A promising and multi-faceted approach to the treatment of Alzheimer’s disease is use of a combination of drugs to target underlying cellular pathologies, with the goal of preventing neuronal death and degeneration by targeting multiple mechanisms involved in disease pathogenesis. A combination therapy targeting the concomitant patho-physiologies present broadens the therapeutic attack compared to single target approaches, which is the basis for evaluation of AMX0035 in the PEGASUS trial Alzheimer’s trial supported by Amylyx Pharmaceuticals.
Part of how neurons die in Alzheimer’s may involve activation of pathways originating in the mitochondria and endoplasmic reticulum—small structures within the neuron cell which are important to control energy production and protein folding. These processes are in close communication with each other and when they go awry, a neuron goes into a death spiral.
AMX0035 is a combination product comprised of sodium phenylbutyrate (PB) and taurursodiol (TURSO) designed to target two independent pathways involved in neurodegenerative pathology. PB is an FDA-approved drug for the treatment of hyperammonemia in patients with urea cycle disorders (UCDs), while TURSO is used for the treatment of cholesterol gallstones in Europe. Experiments by Amylyx suggest a combination of these drugs makes for more resilient neurons which can survive and maybe even thrive through harsh cellular conditions like those in Alzheimer’s and other neurological diseases.
Importantly, we have designed the PEGASUS trial with broad eligibility criteria to involve patients at different stages of Alzheimer’s disease, from early mild cognitive impairment (MCI) to moderate Alzheimer’s disease. Alzheimer’s disease is driven by multiple interacting pathological processes. Enrollment of patients at various stages of disease will allow us to assess the biological effects of AMX0035 across the spectrum of the disease and determine if there are particular patients who might see greater benefit from therapy.

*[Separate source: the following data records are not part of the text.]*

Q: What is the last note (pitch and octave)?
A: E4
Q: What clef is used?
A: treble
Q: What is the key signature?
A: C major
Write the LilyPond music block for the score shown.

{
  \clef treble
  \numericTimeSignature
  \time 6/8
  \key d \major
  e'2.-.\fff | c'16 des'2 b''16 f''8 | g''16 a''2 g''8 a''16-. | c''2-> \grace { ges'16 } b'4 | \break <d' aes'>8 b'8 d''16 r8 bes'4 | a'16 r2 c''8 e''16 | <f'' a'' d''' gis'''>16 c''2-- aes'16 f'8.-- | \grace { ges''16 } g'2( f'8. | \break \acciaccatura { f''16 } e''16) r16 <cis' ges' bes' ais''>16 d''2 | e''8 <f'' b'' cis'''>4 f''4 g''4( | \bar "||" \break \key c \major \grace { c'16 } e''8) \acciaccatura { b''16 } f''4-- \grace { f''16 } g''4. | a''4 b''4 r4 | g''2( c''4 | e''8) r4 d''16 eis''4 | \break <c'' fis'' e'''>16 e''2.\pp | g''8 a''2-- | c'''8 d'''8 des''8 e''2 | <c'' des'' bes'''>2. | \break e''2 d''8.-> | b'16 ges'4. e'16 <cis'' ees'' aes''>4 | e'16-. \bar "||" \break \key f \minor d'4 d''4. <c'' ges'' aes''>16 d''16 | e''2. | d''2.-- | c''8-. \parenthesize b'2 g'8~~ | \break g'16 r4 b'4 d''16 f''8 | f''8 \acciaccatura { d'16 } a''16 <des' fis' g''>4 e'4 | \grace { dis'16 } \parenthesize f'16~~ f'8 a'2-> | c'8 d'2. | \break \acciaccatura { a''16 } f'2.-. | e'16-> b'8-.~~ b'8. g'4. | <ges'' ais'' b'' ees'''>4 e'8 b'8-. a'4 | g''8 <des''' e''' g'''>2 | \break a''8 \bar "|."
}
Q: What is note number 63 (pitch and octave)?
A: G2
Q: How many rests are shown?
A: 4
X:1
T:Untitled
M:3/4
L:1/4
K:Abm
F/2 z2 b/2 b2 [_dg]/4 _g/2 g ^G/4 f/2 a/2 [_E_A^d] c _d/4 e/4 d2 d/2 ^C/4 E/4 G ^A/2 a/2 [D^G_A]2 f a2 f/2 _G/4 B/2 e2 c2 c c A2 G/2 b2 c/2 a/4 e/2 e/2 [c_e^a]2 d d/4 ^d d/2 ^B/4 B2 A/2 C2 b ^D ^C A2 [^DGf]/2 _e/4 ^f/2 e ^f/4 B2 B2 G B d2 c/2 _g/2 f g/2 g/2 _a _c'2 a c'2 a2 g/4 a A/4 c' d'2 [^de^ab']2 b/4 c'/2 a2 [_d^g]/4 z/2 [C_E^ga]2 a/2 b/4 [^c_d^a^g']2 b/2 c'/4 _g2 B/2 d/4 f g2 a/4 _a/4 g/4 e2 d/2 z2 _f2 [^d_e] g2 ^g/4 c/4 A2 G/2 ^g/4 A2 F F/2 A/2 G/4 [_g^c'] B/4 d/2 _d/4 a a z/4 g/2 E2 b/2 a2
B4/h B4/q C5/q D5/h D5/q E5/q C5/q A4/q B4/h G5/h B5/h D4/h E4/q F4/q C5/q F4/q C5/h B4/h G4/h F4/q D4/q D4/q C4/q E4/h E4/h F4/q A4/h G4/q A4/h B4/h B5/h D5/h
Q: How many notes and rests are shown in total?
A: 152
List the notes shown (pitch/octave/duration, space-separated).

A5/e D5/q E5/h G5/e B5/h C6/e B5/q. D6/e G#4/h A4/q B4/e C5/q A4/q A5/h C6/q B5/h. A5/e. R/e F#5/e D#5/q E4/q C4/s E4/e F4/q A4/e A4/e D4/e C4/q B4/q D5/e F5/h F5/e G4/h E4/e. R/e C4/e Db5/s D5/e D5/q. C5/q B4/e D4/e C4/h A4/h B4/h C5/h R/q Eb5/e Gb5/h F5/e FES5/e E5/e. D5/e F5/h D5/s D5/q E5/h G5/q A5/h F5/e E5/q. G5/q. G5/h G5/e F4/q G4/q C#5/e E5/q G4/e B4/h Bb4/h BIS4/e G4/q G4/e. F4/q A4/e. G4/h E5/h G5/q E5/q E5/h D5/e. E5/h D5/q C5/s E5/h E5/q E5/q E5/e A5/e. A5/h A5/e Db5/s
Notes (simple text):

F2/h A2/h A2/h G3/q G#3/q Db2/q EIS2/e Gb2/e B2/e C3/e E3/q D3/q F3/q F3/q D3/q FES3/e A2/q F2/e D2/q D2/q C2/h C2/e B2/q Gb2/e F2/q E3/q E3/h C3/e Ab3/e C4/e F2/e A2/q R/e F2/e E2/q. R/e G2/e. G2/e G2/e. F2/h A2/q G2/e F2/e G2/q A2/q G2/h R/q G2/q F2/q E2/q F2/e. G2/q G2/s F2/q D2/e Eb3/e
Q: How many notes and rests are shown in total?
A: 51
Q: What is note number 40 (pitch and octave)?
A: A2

The trial uses a series of biomarkers which PEGASUS Principal Investigator Dr. Steven Arnold’s laboratory at the Massachusetts General Hospital has helped to validate, and a statistical scale developed by Dr. Susanne Hendrix to measure whether AMX0035 is having a treatment effect. The trial was expanded this year to 100 patients, which should improve our ability to confirm preliminary effects of treatment.
Hopefully, AMX0035 is able to make neurons more resilient and slow the progression of symptoms of Alzheimer’s Disease. We have embraced the research that has led us to this trial and its learnings to date, as well as hope from the contributions of this strong community that shares our goals of one day soon delivering the answers people need.
Patrick Yeramian, M.D., MBA, chief medical officer at Amylyx Pharmaceuticals, has supervised the clinical development of new drugs, biopharmaceuticals, vaccines and cellular therapy agents over more than 30 years in the industry. The PEGASUS trial is a 3:2 randomized, double-blind, multi-center, placebo-controlled study evaluating the safety, tolerability and neurobiological activity of AMX0035 in patients with late mild cognitive impairment or early dementia due to Alzheimer’s disease over 24 weeks. The biomarker-focused trial design will assist in understanding the effects of AMX0035 and its potential in treating Alzheimer’s disease. Study results are expected in 2020.